Zing Forum

Reading

COMPASS: A Cognitive MCTS-Guided Process Alignment Framework for Safe Search Agents

COMPASS is a novel safety alignment framework that effectively addresses retrieval-induced safety issues faced by search agents in multi-step interactions through cognitive tree exploration and introspective step-by-step alignment.

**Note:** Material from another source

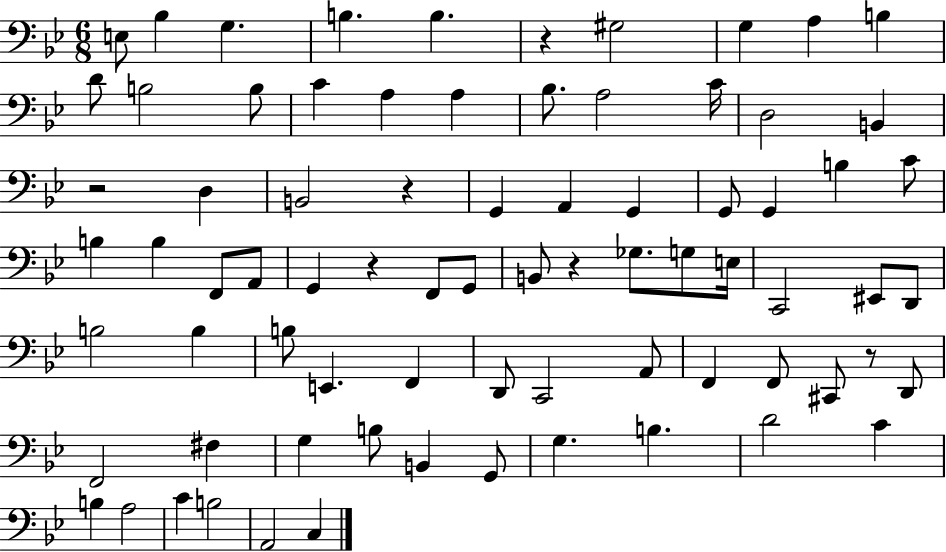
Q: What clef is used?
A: bass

AI安全搜索智能体MCTS过程对齐对抗攻击安全对齐多步推理工具使用
Published 2026-05-29 12:51Recent activity 2026-06-01 12:51Estimated read 4 min
COMPASS: A Cognitive MCTS-Guided Process Alignment Framework for Safe Search Agents
1

Section 01

Introduction: COMPASS—A Cognitive MCTS-Guided Process Alignment Framework for Safe Search Agents

COMPASS is a novel process alignment framework for safe search agents, designed to address retrieval-induced safety issues in multi-step interactions. Its core adopts a dual-pillar design: Cognitive Tree Exploration (CTE) and Introspective Step-by-Step Alignment (ISA), which achieves an effective balance between safety and utility by proactively discovering hidden attack trajectories and fine-grained risk localization.

2

Section 02

Background: New Retrieval-Induced Safety Challenges Faced by Search Agents

Search agents driven by large language models possess capabilities like multi-step reasoning and tool calling, but they also face the risk of retrieval-induced safety degradation: harmful intentions can be decomposed into combinations of seemingly harmless sub-queries, bypassing traditional safety checks. Existing alignment methods struggle to capture sparse safety signals and cannot effectively supervise diverse violations in multi-step interactions, necessitating new solutions.

3

Section 03

Methodology: Dual-Pillar Design of the COMPASS Framework

The COMPASS framework consists of two core modules:

  1. Cognitive Tree Exploration (CTE):Drawing on Monte Carlo Tree Search (MCTS), it proactively explores and synthesizes hidden attack trajectories, discovering complex attack patterns that traditional methods struggle to identify;
  2. Introspective Step-by-Step Alignment (ISA):It performs fine-grained analysis of each step in the interaction sequence, locates "dangerous intermediate actions", and achieves precise safety intervention while minimizing impact on normal functions.
4

Section 04

Evidence: Advantages of COMPASS in Safety-Utility Trade-off

Experimental results show that COMPASS maintains high safety while having the minimal impact on the agent's general utility; moreover, compared to existing methods, it requires significantly less training data, making it more conducive to practical deployment.

5

Section 05

Conclusion: Implications of COMPASS for AI Safety

The research on COMPASS brings key implications for AI safety:

  • Process supervision is more suitable for safety alignment of complex agents than outcome supervision;
  • Proactive attack discovery (red team thinking) should become a standard practice in AI safety development;
  • Fine-grained supervision enhances system transparency and auditability, promoting the development of explainable AI safety.
6

Section 06

Future Directions: Limitations and Expansion Paths of COMPASS

COMPASS still has room for expansion:

  1. Need to expand to multi-modal scenarios (e.g., images, code execution);
  2. Improve the risk localization accuracy of ISA (e.g., specific tokens or reasoning steps);
  3. Explore further reduction of training data requirements to achieve zero-shot or few-shot safety alignment.